His last day on the job, Keibler burned the hypnosis tape of one of the Nittany Mall rapist victims of 1969, keeping a promise he had made to her parents all those years before, when Corporal Dan Brode had insisted on devoting time and resources to his theory that the rapist—who was believed to be a working man from the country and had probably never been on the Penn State campus—was the most likely suspect in the
Aardsma murder. They had pursued the idea much longer than they should have.
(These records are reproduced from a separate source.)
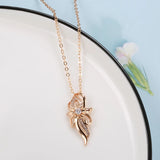 Elegant Classic Design 14K Filled Rose Gold AAA Zircon Diamond Pendant Necklace - High Quality Jewellery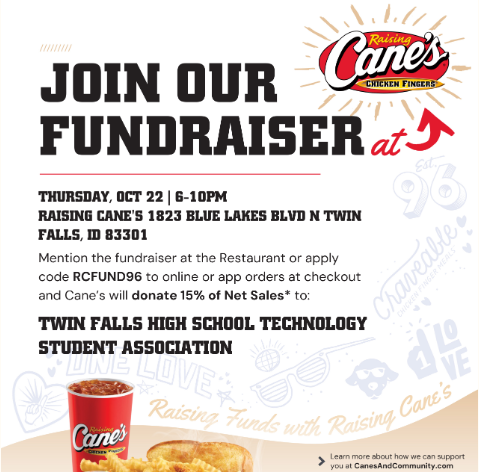 Flyer for a fundraiser at Cane's with a red cup, fries, and a sandwich on a white background.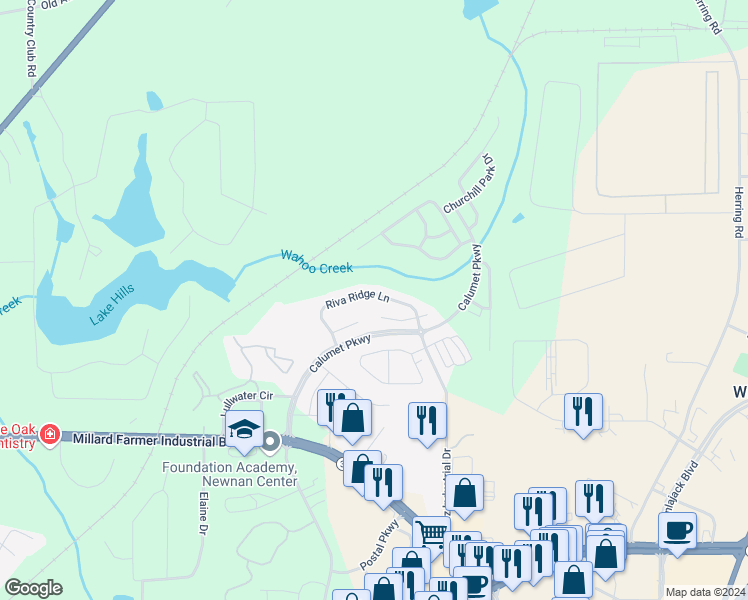 map of restaurants, bars, coffee shops, grocery stores, and more near 66 Riva Ridge Lane in Newnan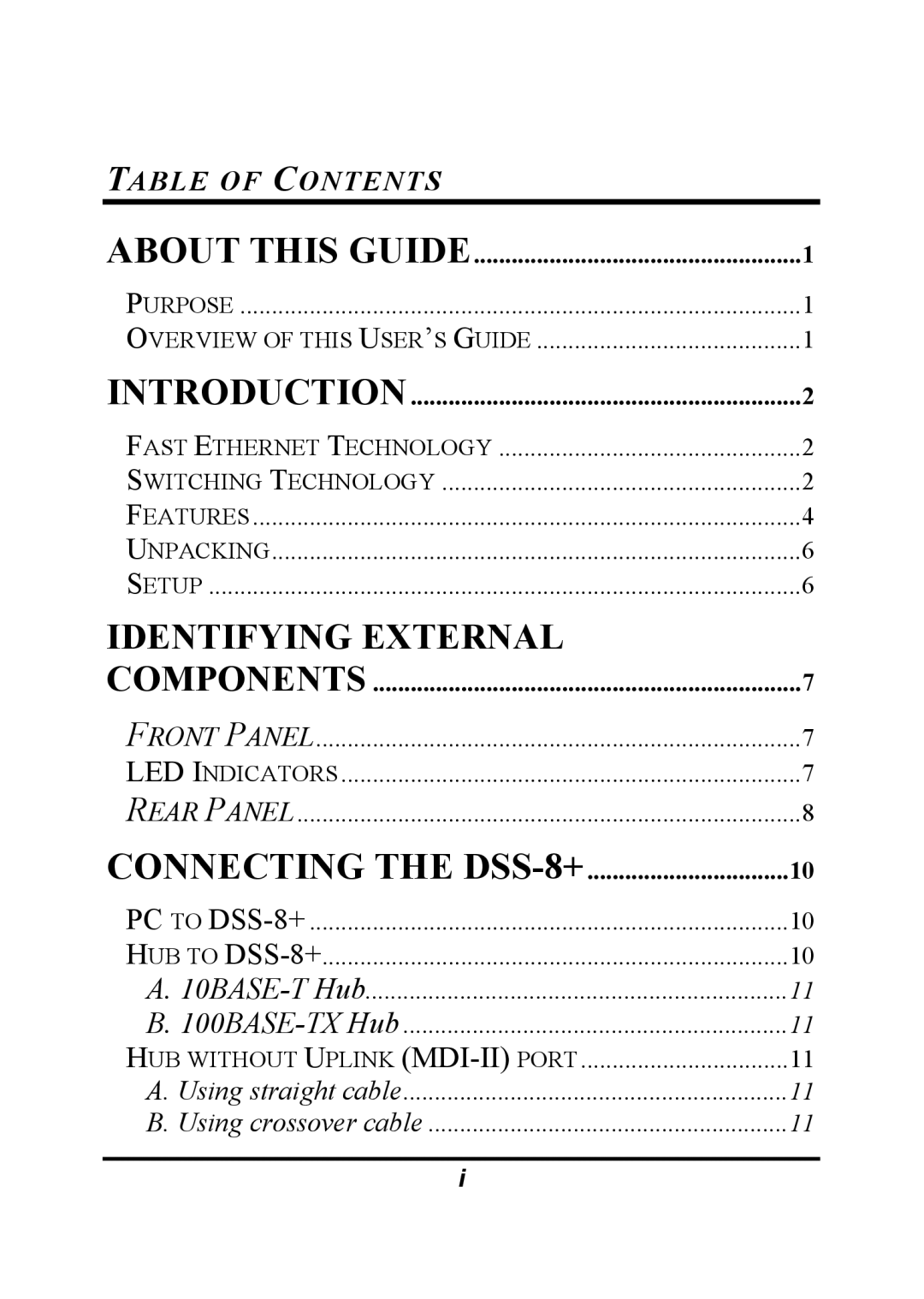 D-Link DSS-8+ manual Identifying External 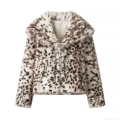 Leopard Print Faux Fur Jacket Women Vintage Lapel Long Sleeve Short Coat Fashion Warm Outerwear Casual Streetwear Sexy Party Autumn Winter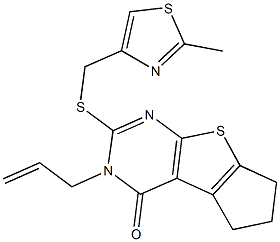 3-allyl-2-{[(2-methyl-1,3-thiazol-4-yl)methyl]sulfanyl}-3,5,6,7-tetrahydro-4H-cyclopenta[4,5]thieno[2,3-d]pyrimidin-4-one|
In January, Keibler phoned Captain Fiorani and asked him who he was going to assign to the case. To his dismay, Fiorani was noncommittal. “I said, ‘Captain, you have to have someone sitting on top of it.’ ” Fiorani, who clearly didn’t agree, said he just didn’t have an answer for him. In his typically plainspoken manner, Keibler said, “Well, make up your mind. I should have a month to talk to him, back and forth.” Fiorani questioned whether that was necessary, saying the new man could just read the report. Keibler snorted. “I said, ‘C’mon; there’s sixteen or seventeen hundred pages, plus fourteen years.’ ” It would take anyone a serious amount of time to get up to speed on a case like this. It also might have been worthwhile to have a new set of eyes go over the information that had accumulated over fourteen years. But it wasn’t to be.9
“No decision was ever made,” Keibler said. “I retired and did my thing. I became aware that nobody was assigned to follow it up.” Eventually, a cold case officer was assigned to the Aardsma case, but neither he nor any of his successors ever went to Keibler for a briefing about what had happened, he said.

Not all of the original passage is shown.